The last section, options ndots:5, tells the resolver that any hostname with fewer than 5 dots should be treated as non-fully-qualified and should have the search domains appended. My query amplification occurred because applications weren’t using fully qualified domain names (FQDNs with a . at the end). Without this, the resolver would try each search domain from /etc/resolv.conf in order, appending them to the hostname.

  1. app-namespace.svc.cluster.local
  2. svc.cluster.local
  3. cluster.local
  4. us-east-2.compute.internal

This makes a query for ip-10-0-1-10.us-east-2.compute.internal resolve to 5 queries (4 search domains + 1 as-is):

  1. ip-10-0-1-10.us-east-2.compute.internal.app-namespace.svc.cluster.local
  2. ip-10-0-1-10.us-east-2.compute.internal.svc.cluster.local
  3. ip-10-0-1-10.us-east-2.compute.internal.cluster.local
  4. ip-10-0-1-10.us-east-2.compute.internal.us-east-2.compute.internal
  5. ip-10-0-1-10.us-east-2.compute.internal

Validating cache hits Link to heading

My initial tcpdump was for all port 53 traffic, but the link local traffic was only the non-cached hits.

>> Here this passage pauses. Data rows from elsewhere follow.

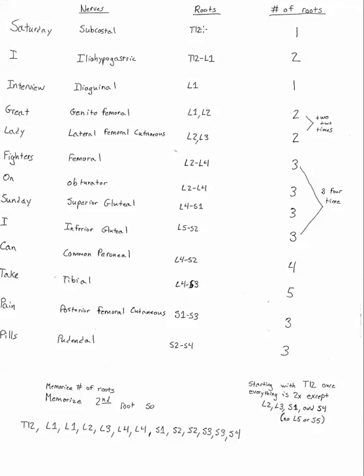I've written the roots for all of them and then the number of roots. The way you're going to use these two pieces of information on your test is: first, memorize the pattern for the roots. You do that by looking at the last root in the set of roots for any named nerve — there's a pattern between those. So that would be T12, L1, L1, L2, L3, etc. The pattern for the last root for all the sets of nerves is: T12, L1, L1, L2, L3, L4, L4, S1, S2, S2, S3, S3, S4.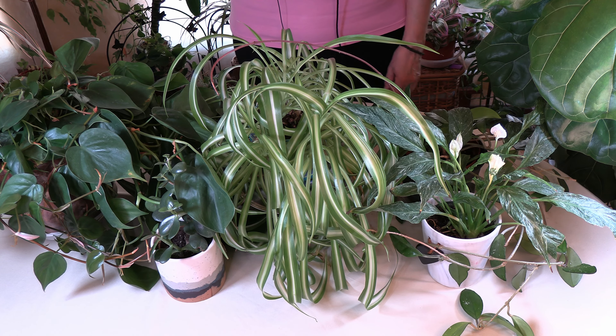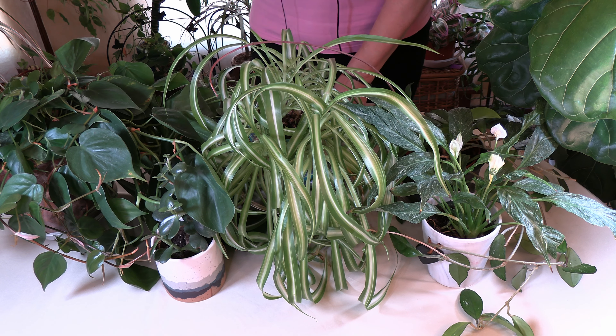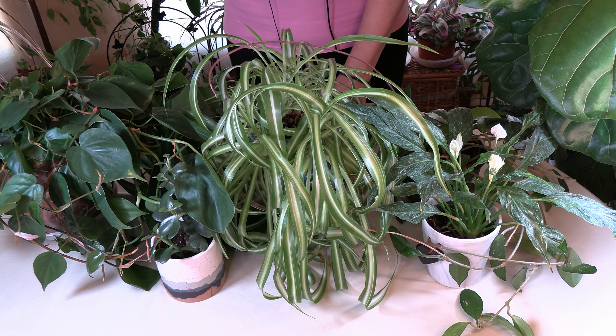Hello and welcome to HealthyHousePlants.com where we teach you all about gardening in the great indoors. Today I am going to talk to you about what plants like to be root bound.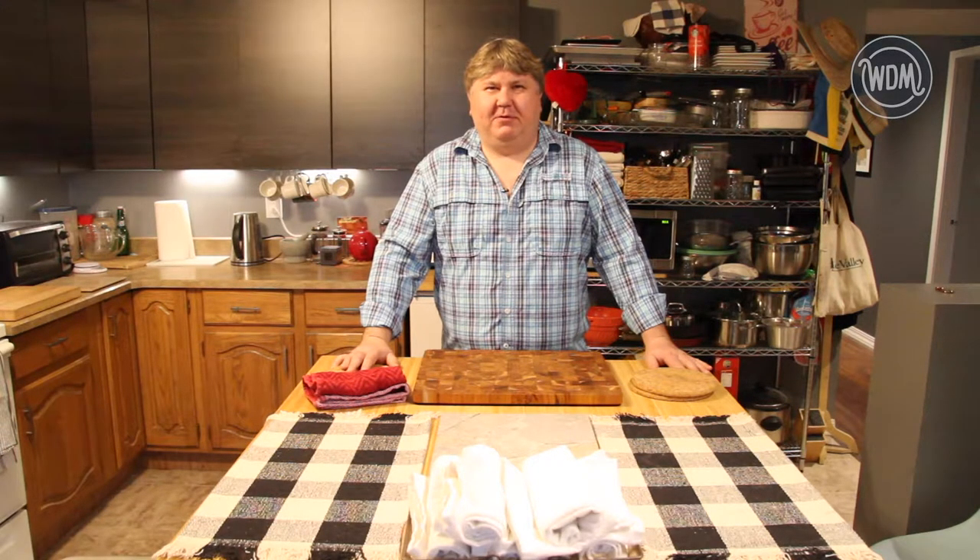Hi there. My name is Cory and I'm with the exhibits department at the WDM. Welcome to my kitchen. I'll be exploring the cookbooks in our collection, pulling out some recipes, and then sharing them with you. So let's go explore.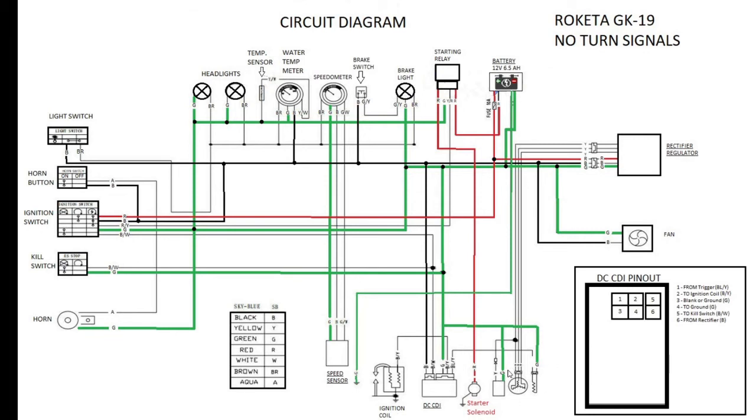Now let's look at the stator and how power is generated from the engine. Your stator is basically a generator that puts out AC electricity. This is the only location on the go-kart where AC power exists. Once it hits the regulator rectifier — after those three yellow wires coming out of the GY6 engine — everything is converted to DC power. There is no more AC power anywhere else on the go-kart after that point.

For those, I needed to filter for the source IP of the CoreDNS pod and the destination IP of the VPC DNS resolver.

# CoreDNS upstream queries to VPC DNS (10.10.0.2)
$ tcpdump -r dns-capture.pcap -nn \
    'src host 10.1.2.3 and dst host 10.10.0.2 and dst port 53' \
    -v 2>/dev/null | wc -l

This output was heavily dominated by the long tail of hostname-like queries, which were not cached by CoreDNS.

The source of the traffic Link to heading

I printed out a tcpdump capture and greped for some of the hostnames.

tcpdump -r /var/tmp/i-012a34e5678a32dcc.2025-08-01:02:47:53.pcap00 -nn -v 2>/dev/null | \
  grep "compute.internal" | head -10

02:47:53.589855 IP 10.1.0.1.51749 > 10.1.2.3.53: 
  7274+ A? ip-10-1-0-1.us-east-2.compute.internal.us-east-2.compute.internal. (88)
02:47:53.589988 IP 10.1.2.3.54708 > 10.10.0.2.53: 
  20127+ AAAA? ip-10-1-0-1.us-east-2.compute.internal.us-east-2.compute.internal. (88)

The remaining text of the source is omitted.